The Next Boom for Worker Co-ops?

From Shelterforce: 

Susanne Ward and her husband, Patrick Reilley, moved from California to Maine in 1992 with plans of starting their own business. They decided on a used bookstore and coffee house, as they felt both good coffee and good books were in short supply in their new neighborhood.

Located in the city of Rockland, Rock City (named for the limestone quarries that fueled the city’s growth in the 1800s) became a focal point in town for the artistic crowd, but Ward and Reilley struggled to find quality coffee that was reasonably priced. Within three years, they’d moved into a bigger space that could house the bookstore, café, and a space to roast their own coffee blend, which they began wholesaling.

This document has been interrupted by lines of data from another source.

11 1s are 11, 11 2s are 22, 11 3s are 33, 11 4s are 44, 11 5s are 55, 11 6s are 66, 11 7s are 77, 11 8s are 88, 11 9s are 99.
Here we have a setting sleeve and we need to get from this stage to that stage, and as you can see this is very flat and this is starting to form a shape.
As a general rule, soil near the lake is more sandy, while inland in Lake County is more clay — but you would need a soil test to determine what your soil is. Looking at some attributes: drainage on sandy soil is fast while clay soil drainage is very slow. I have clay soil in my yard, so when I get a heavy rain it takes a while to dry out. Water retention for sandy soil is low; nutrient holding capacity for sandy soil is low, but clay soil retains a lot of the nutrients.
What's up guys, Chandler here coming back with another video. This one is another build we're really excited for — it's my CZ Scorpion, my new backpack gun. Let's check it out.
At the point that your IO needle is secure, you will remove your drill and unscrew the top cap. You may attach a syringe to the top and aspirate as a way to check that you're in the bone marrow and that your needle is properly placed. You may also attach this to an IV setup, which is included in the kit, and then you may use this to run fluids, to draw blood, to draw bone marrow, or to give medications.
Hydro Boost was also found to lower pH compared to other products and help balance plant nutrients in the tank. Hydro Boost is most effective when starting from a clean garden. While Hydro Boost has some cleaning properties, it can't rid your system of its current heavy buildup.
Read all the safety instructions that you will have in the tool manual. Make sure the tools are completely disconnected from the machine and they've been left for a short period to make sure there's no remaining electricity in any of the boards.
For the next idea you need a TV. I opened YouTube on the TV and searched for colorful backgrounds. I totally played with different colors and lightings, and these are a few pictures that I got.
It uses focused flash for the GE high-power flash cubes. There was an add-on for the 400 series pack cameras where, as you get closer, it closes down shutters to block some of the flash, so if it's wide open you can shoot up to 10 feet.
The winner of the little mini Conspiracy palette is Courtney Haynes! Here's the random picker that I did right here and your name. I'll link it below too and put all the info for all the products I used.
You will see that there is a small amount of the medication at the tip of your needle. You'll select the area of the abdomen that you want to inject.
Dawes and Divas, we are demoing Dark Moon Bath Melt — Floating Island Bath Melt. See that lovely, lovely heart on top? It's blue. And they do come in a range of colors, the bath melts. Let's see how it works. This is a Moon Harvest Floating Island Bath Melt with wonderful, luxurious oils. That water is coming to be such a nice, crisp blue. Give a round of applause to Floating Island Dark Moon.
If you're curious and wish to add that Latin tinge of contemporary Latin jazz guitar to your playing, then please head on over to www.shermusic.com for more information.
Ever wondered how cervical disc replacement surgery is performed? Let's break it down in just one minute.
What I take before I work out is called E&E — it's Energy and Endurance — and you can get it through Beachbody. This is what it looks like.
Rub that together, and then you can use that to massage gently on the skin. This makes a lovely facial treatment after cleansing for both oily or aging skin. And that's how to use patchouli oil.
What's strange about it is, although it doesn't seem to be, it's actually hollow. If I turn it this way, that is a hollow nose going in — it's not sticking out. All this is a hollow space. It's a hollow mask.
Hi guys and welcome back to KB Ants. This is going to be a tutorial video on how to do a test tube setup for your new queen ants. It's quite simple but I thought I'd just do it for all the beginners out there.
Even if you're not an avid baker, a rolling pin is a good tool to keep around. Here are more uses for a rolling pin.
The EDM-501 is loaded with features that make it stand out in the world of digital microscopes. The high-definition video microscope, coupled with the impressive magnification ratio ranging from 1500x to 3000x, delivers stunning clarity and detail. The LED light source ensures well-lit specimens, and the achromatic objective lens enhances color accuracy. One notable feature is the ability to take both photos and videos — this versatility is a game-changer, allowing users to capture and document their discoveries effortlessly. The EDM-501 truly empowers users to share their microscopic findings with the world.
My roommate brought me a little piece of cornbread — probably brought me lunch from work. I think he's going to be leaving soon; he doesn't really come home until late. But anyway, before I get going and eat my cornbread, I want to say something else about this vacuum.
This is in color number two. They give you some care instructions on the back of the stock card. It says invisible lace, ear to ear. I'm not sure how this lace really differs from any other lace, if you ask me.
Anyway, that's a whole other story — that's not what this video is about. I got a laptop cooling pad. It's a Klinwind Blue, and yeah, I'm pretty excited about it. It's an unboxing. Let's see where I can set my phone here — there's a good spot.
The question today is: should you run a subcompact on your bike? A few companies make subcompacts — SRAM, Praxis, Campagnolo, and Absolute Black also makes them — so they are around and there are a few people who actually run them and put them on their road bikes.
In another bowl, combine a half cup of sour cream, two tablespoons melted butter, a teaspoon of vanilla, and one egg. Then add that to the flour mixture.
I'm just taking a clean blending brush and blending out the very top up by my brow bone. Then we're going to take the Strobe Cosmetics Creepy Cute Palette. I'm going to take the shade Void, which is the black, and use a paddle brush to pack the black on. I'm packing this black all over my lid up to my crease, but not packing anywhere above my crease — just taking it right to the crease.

In 1999, they opened a roastery a few blocks south of the café outside of Rockland’s historic district, producing and selling their blend, which also supplied Rock City.

For Ward, Rock City’s employees were family, and even though some kind of employee ownership plan had been in the back of her mind as a “nebulous thing,” she recalls, it never seemed like the right time. “As my husband would say, ‘We have to operate in the black.’”

In 2010, in the midst of the Great Recession, Patrick passed away. The printed book market was also shrinking, rapidly. “I knew that by myself I couldn’t handle it all,” recounts Ward. She sold the bookstore portion of the business to one of her employees, and continued to run the roastery and café, both of which exceed full-time operations, with the café’s kitchen and bakery serving breakfast and lunch, and hosting live music on weekends.

Five years later, things are better for Rock City, though certainly not perfect. And at age 64, Ward is ready to retire. With help from Rob Brown of the Cooperative Development Institute (CDI) in Maine, she is now working on the details of transiting Rock City to worker ownership.